Bandhan Bank Ltd. is a banking and financial services company, headquartered in Kolkata. Bandhan Bank is present in 34 out of 36 states and union territories of India, with 5,723 banking outlets and more than 2.86 crore customers. Having received the universal banking licence from the Reserve Bank of India, Bandhan Bank started operations on August 23, 2015, with 501 branches, 50 ATMs and 2,022 Banking Units (BUs). The Bank has mobilised deposits of over ₹1,02,283 crore and its total advances stand at over ₹97,787 crore as of December 31, 2022.

History 
Bandhan was set up in 2001 as a not-for-profit entity with the objective of financial inclusion and women empowerment through sustainable livelihood creation. It started its microfinance operations from Bagnan, a small village, about 60 km from Kolkata. The model followed for delivery of microfinance services was individual lending through group formation. Bandhan focused on serving underbanked and underpenetrated markets.  

In 2006, Bandhan acquired a Non-Banking Financial Company (NBFC) and created Bandhan Financial Services Private Limited (BFSPL) to scale up its microfinance activities. In 2010, it became the largest microfinance institution (MFI) in the country. 

In April  2014, Bandhan received an in-principle approval from the Reserve Bank of India (RBI). On June 17, 2015, RBI granted the banking licence to Bandhan, making it the first-ever microfinance institution to become a universal bank in India. 

Bandhan Bank commenced operations on August 23, 2015. The then Union Finance Minister, Late Shri Arun Jaitley, inaugurated the Bank in Kolkata. Its public shareholders then included International Finance Corporation; Caladium Investment Pte Ltd (the sovereign wealth fund of Singapore, an arm of GIC); and Small Industries Development Bank of India (SIDBI).

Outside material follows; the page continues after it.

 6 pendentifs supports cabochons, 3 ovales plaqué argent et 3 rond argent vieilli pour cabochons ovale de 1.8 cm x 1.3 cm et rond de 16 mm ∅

On 27 March 2018, Bandhan Bank was listed on the bourses and became the 8th largest bank in India by market capital, on the day of listing itself.

Operations 
Bandhan Bank through its network of 5,639 banking outlets is spread across metro, urban, semi-urban and rural India. The key focus areas are micro-entrepreneurs, MSME segment, housing finance and retail assets. It is interesting to note that 84.5% of the Bank's deposits are in the retail segment, thus, granular in nature. 

Bandhan Bank is focused on inclusive banking and reaches out to the unbanked and under-banked segments of the country, with 73% of its branches situated in rural and semi-urban areas.

Products and services 
The Bank's products and services ranges from savings to current accounts, from fixed deposits to credit cards, from home loans to personal loans, from insurance to mutual funds, and more.

Merger
In October 2019, Bandhan Bank acquired GRUH Finance Limited, a Housing Development Finance Corporation Limited backed housing finance company in the share-swap deal by way of scheme of amalgamation, in order to venture into the affordable housing finance.

Investors 
Bandhan Bank is an associate of Bandhan Financial Holdings Limited (BFHL) which is holding 39.99% of stake in the Bank as on December 31, 2021. Further, BFHL is a wholly owned subsidiary of Bandhan Financial Services Limited (BFSL). Other major shareholders of the Bank as on December 31, 2021, are Housing Development Finance Corporation Limited (9.89%), and Caladium Investment Pte. Limited (7.79%).

Listing and shareholding 
The equity shares of Bandhan Bank are listed on the BSE Limited and the National Stock Exchange of India Limited. The IPO of the Bank oversubscribed by almost 15 times at the end of the three-day long issue. On its stock exchange debut (March 27, 2018), the equity opened at ₹487.33 on the National Stock Exchange and closed at ₹476.85; 27% over its issue price of ₹375. 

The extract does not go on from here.